§ PROBLEM DESCRIPTION: Recreate the listing that follows line for line, without pictures.

§ SUPPLIED INFORMATION:
##########

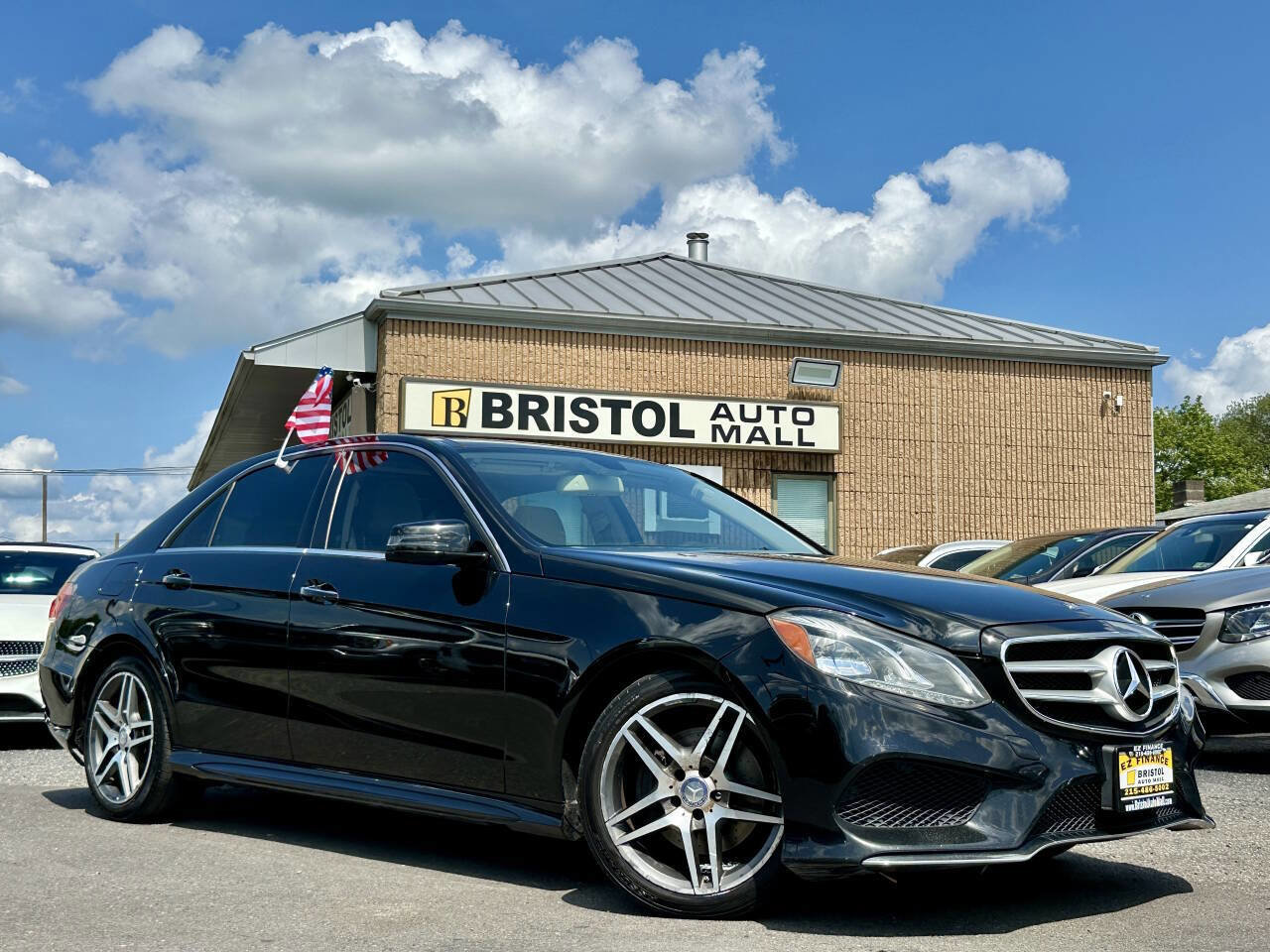 Used 2014 Mercedes-Benz E 350 4MATIC Sedan w/ Premium 1 Package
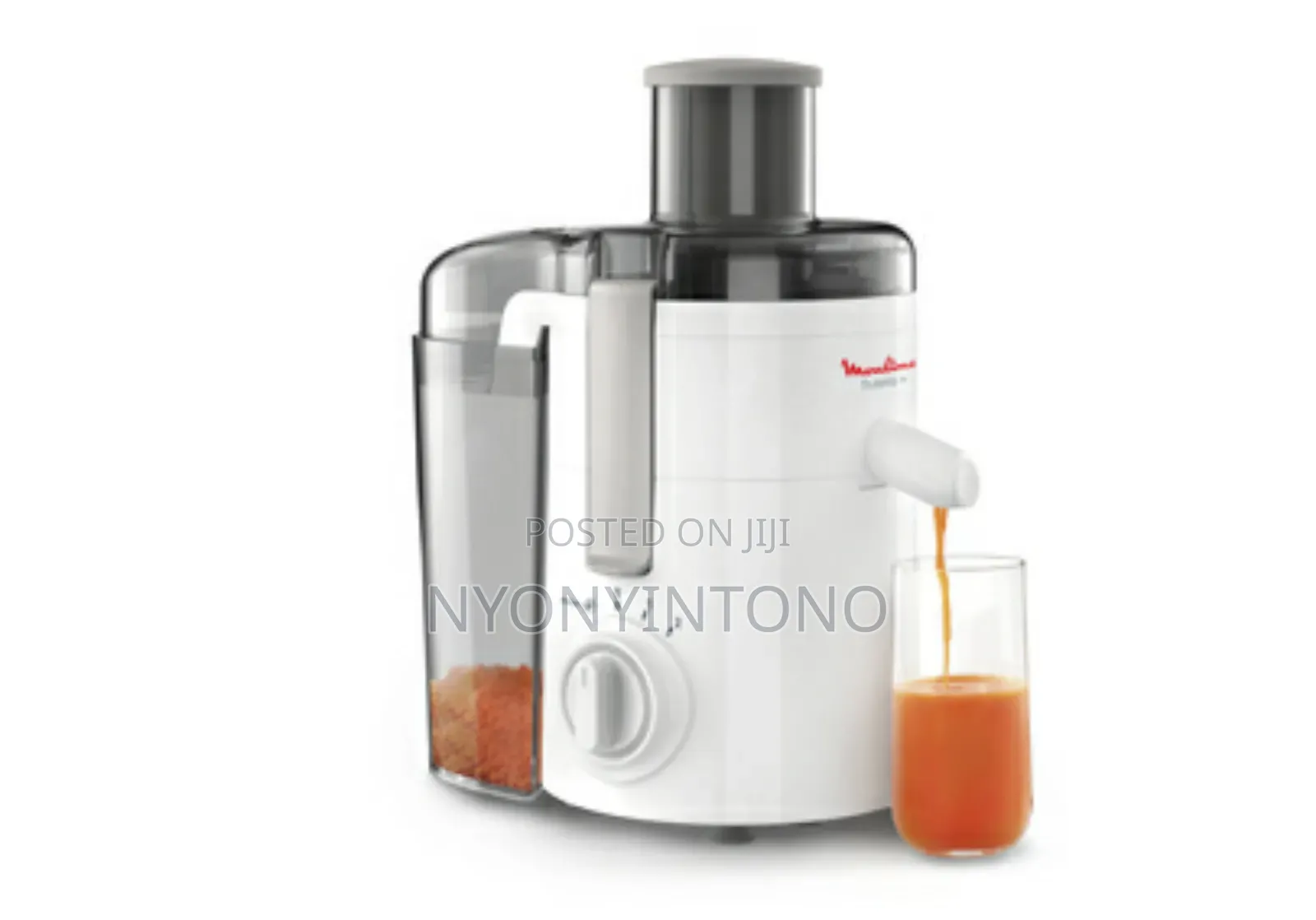 Moulinex High-Quality 350w Power Juicer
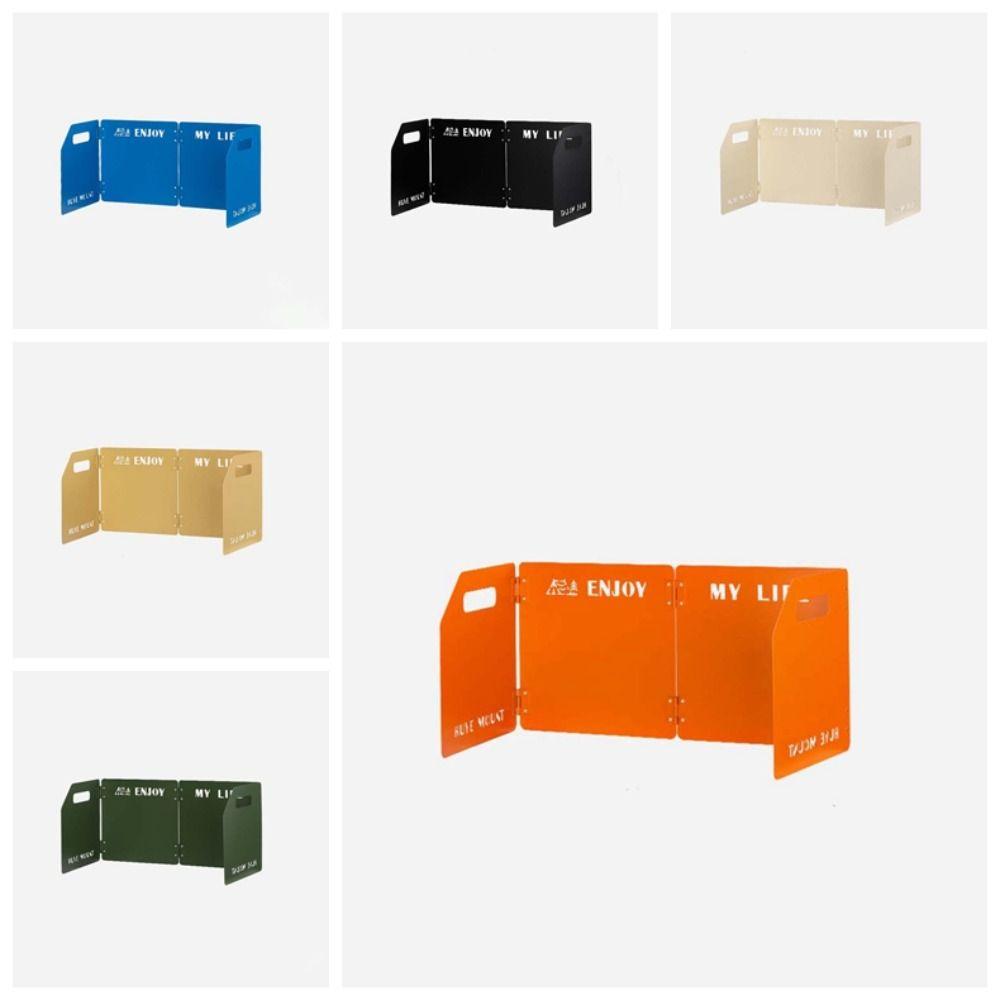 Windproof Stove Wind Shield Lightweight Cooker Wind Protection Cookware Windshield  Camping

##########

§ RESPONSE TO THE TASK:
 Used 2014 Mercedes-Benz E 350 4MATIC Sedan w/ Premium 1 Package
 Moulinex High-Quality 350w Power Juicer
 Windproof Stove Wind Shield Lightweight Cooker Wind Protection Cookware Windshield  Camping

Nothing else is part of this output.